▶ Given data
• • •
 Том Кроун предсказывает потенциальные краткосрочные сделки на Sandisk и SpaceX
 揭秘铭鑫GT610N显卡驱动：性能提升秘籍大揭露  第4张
• • •
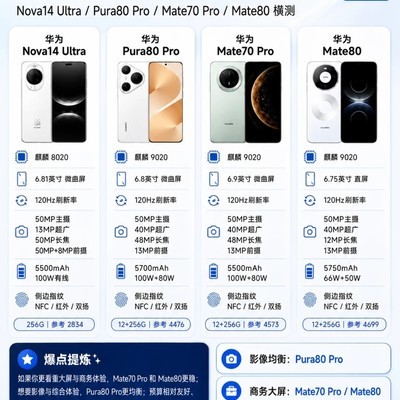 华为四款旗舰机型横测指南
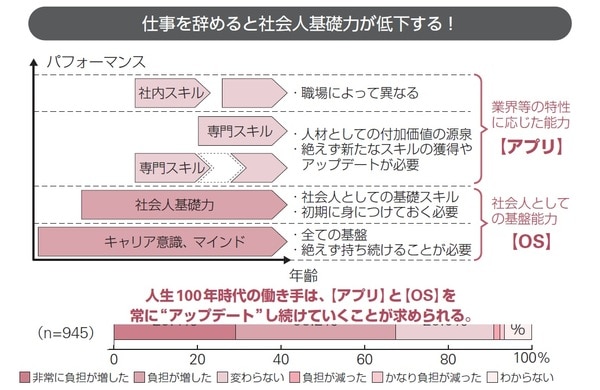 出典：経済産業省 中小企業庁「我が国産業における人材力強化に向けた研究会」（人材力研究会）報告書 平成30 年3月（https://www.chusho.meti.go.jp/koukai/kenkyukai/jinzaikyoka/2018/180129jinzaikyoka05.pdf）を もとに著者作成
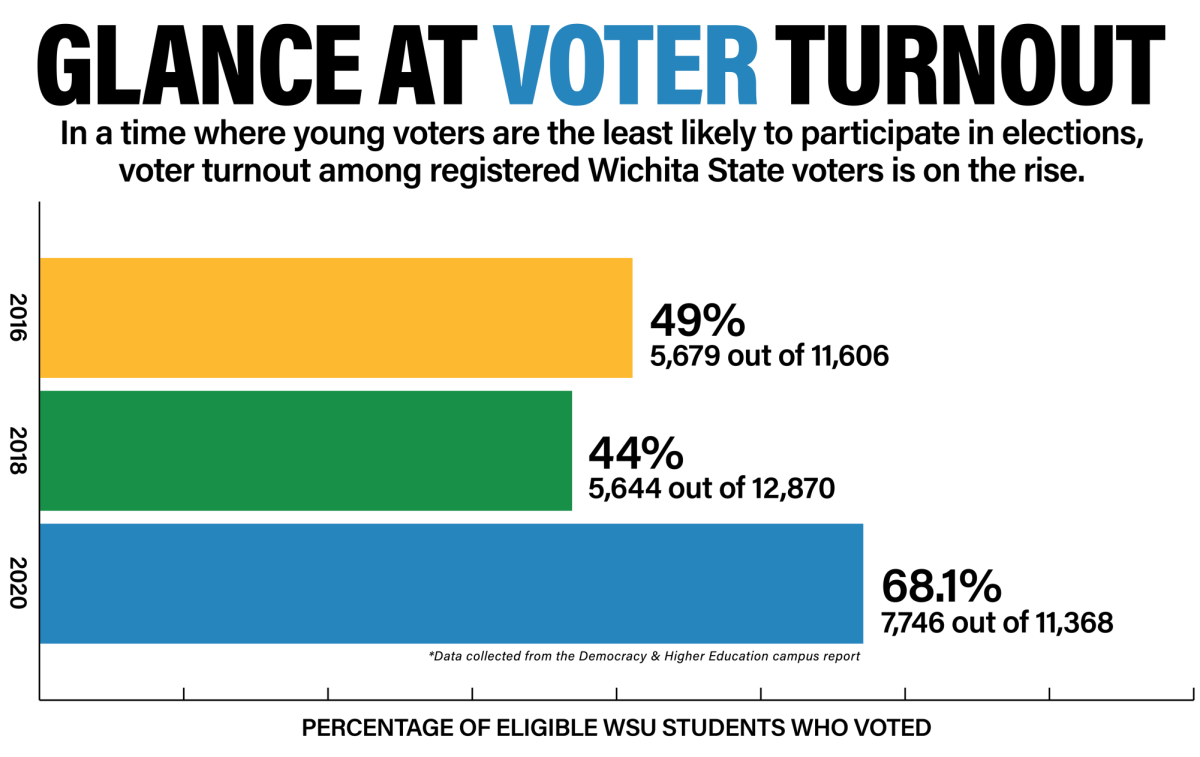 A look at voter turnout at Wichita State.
• • •
▶ What is needed
Leave the pictures out. Output, exactly, the lines of the material above starting at the line containing "华为四款旗舰机型横测指南" and ending at the line containing "A look at voter turnout at Wichita State.".

▶ Solution to this exercise
 华为四款旗舰机型横测指南
 出典：経済産業省 中小企業庁「我が国産業における人材力強化に向けた研究会」（人材力研究会）報告書 平成30 年3月（https://www.chusho.meti.go.jp/koukai/kenkyukai/jinzaikyoka/2018/180129jinzaikyoka05.pdf）を もとに著者作成
 A look at voter turnout at Wichita State.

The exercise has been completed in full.